Only 20 built out of 96 planned last year
Shaky start for GN housing construction
The Government of Nunavut's $200-million social housing construction scheme got off to an ill-prepared start in its first year, Sheila Fraser, the Auditor General of Canada, said in a special report on the Nunavut Housing Corp. tabled in the legislative assembly last week.
Of 96 social housing units that the housing corporation was to build in the summer of 2007, only 20 had been finished by last December.
"Already short-staffed, with 23 of 89 positions vacant at the end of December 2007, the corporation is facing a significant challenge in carrying out the strategy…" Fraser said.
The auditor general said the housing corporation actually did a good job figuring out what kind of housing units are needed in Nunavut.
And she pointed out that in 2006, the Crown corporation received an award from the Canada Mortgage and Housing Corp. for the five-plex design it's using for many of the new units.
But she also found the understaffed housing corporation did not prepare well for the construction phase of the program and that "difficulties began to develop as soon as it [the program] began."
Those problems include workers not showing up to construction sites, delays in shipping construction materials to communities and uncertainty about whether apprentices will work enough hours to become licenced tradespeople.
The auditor general found these problems arose, in part, because the $200-million social housing construction plan is the biggest that Nunavut has ever taken on.
At the same time, she said the Crown corporation is badly understaffed, with 23 of 89 positions sitting vacant by the end of last year.
And she also found that corporation staff did not do enough to figure out what risks it faced or plan how to manage them.
That, in turn, led to these types of problems:
- in six communities, contractors either showed no interest in bidding for contracts, or made bids that were so high, no contract was awarded;
- two contractors withdrew their bids because they felt they couldn't meet training and education requirements;
- the corporation's district offices acted as project managers in 12 communities, "which added to the workload of staff who were already overworked;"
- construction materials either arrived late; were sent to the wrong communities; were left in a Montreal warehouse; or were damaged.
Fraser also criticized the process that led to the selection of Aaruja Development Corp. of Clyde River as the contractor responsible for receiving, repackaging and sending building material to Nunavut communities.
She said housing corporation officials did not properly evaluate the three proposals that were submitted for the job, all of which were incomplete.
Although she didn't refer to the Aaruja firm by name, she said corporation staff did no background checks on the winning bidder.
If they had, they would have discovered that Aaruja had limited experience in marshalling and repackaging construction material, and had limited storage space.
The resulting fiasco cost the corporation at least $500,000 to move construction material left behind in Montreal to a new contractor's premises.
That figure does not include the cost of replacing damaged material for reshipment to affected communities.

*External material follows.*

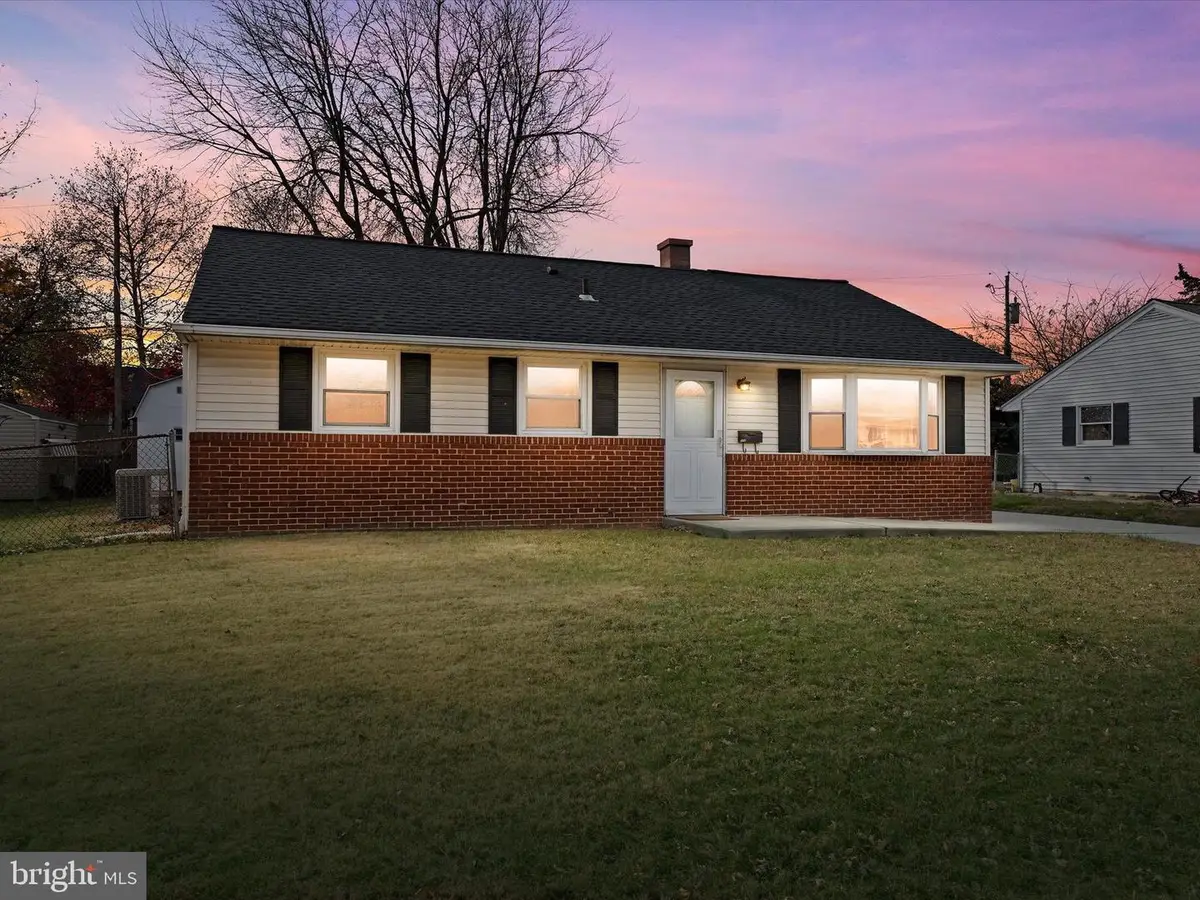 124 Festone Ave, New Castle, DE 19720 - Image #1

The housing corporation is still doing an inventory of all material shipped to communities to figure out how much was damaged last year.
The housing corporation cancelled its contract with Aaruja last December, and instead chose Illamar Marshalling Inc. of Chesterville, Ont., near Ottawa, to prepare future batches of construction supplies.
Of the 76 unfinished units, the auditor general's staff found that work was:
- 66 per cent complete in the Kivalliq region;
- 48 per cent complete in the Kitikmeot region;
- 81 per cent complete in the Baffin region.
In addition to the 96 units that were supposed to be built last year, under the housing corporation's plan, 236 are to be built this year, 310 next year and 83 in 2010.
But Fraser said in her report that the program's first-year screw-ups raise doubts about whether the planned number of units can be constructed on schedule and on budget.
The $200-million social housing scheme flows from a 2006 announcement made by Stephen Harper's Conservative government in its first budget.
The money is to be managed within a special pot called the Nunavut Housing Trust. It's expected to pay for about 725 new dwelling units.
Part of the GN's plan is to use the Nunavut Housing Trust project for trades training and apprenticeships.
Last week's auditor general's report is a part of a series of special performance audits that Fraser's officials are conducting on selected Nunavut government agencies and departments.